Besides being the most popular network protocol used today, TCP/P also has some of the more complete tools for gathering information and checking connections.

The IPX protocol used on Netware has generated some third party products which can provide some of the TCP/IP like analysis that standard TCP/IP utilities provide.

However, even with some clever products, the standard suite of bundled TCP/IP utilities is quite sufficient and useful in most common situation. Some of the basic utility programs that comes free with Windows are listed below.


PING

Ping is probably one of the most used utility available. Whenever a savvy user or network administrator faces a slow or unresponsive network connection, the instinct is to ping some known sites to get an idea of the network\'s reliability, configuration and throughput.

Ping is a utility designed to verify a connection between two host machines by sending ICMP (Internet Control Message Protocol) packets. The utility waits a configurable period for a reply, usually in seconds, from the target host for each packet it sends. By default the Windows Ping utility sends four ICMP echo packets that consists of 32 bytes of data.

However you can use command line parameters to send more packets and even to change the size of the packets.
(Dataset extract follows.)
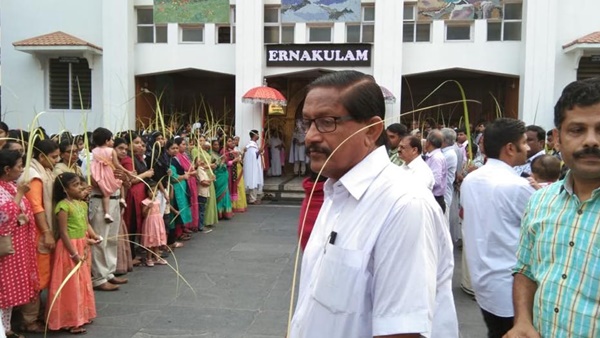 പിസി തോമസിനോട് എതിര്പ്പില്ല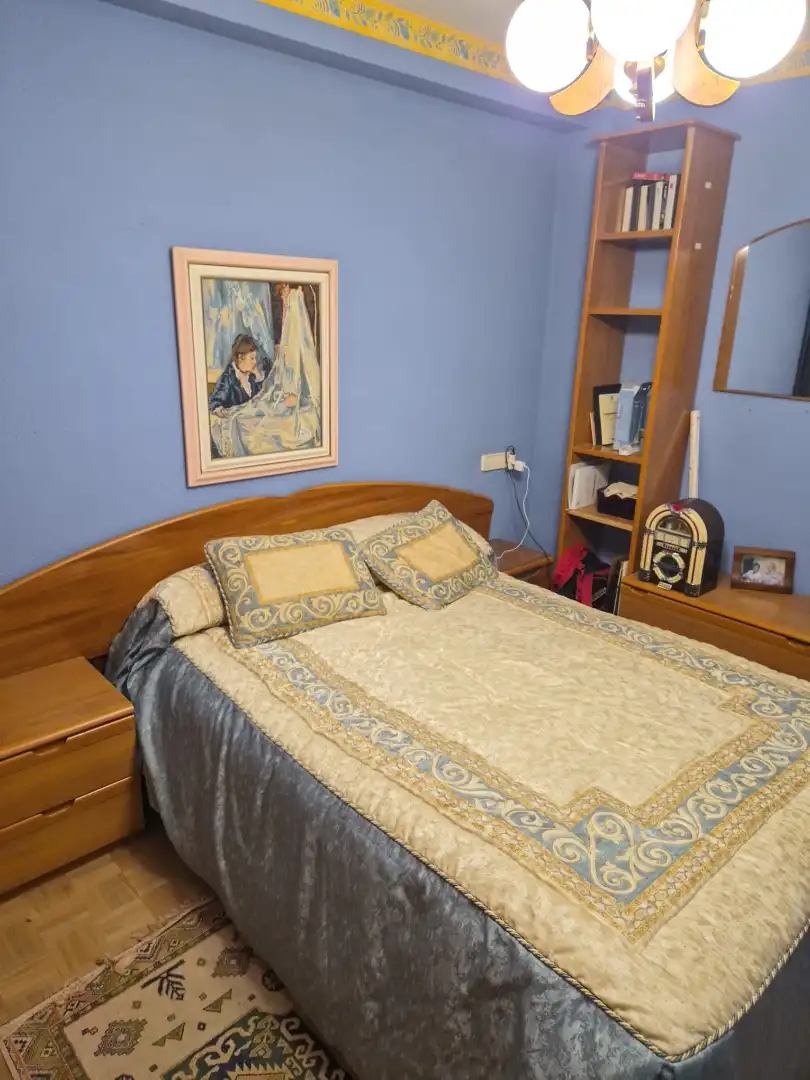 Flat with terrace for sale in Calle Gascona, imagen 10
Ping with the option -a will also resolve the IP address to a hostname, which will be shown in the first line of the status sentence.

If the DNS server of your network is your router that will do the forwarding of all DNS queries, pinging a hostname will also be responded with a IP address corresponding to the host machine.

If you are concerned that TCP/IP is not installed properly on your PC, you can also ping yourself. You can use two methods to ping your own PC - eithier type in the address of your PC after the ping command, or ping what\'s called the loop-back address.

The loopback ping is nice if you are using a DHCP client that don\'t really know what the PC\'s IP address is. A destination host unreachable error response normally indicates incorrectly setup gateway or gateway information unavailable. While a request time out indicate destination is down, not available or behind a firewall.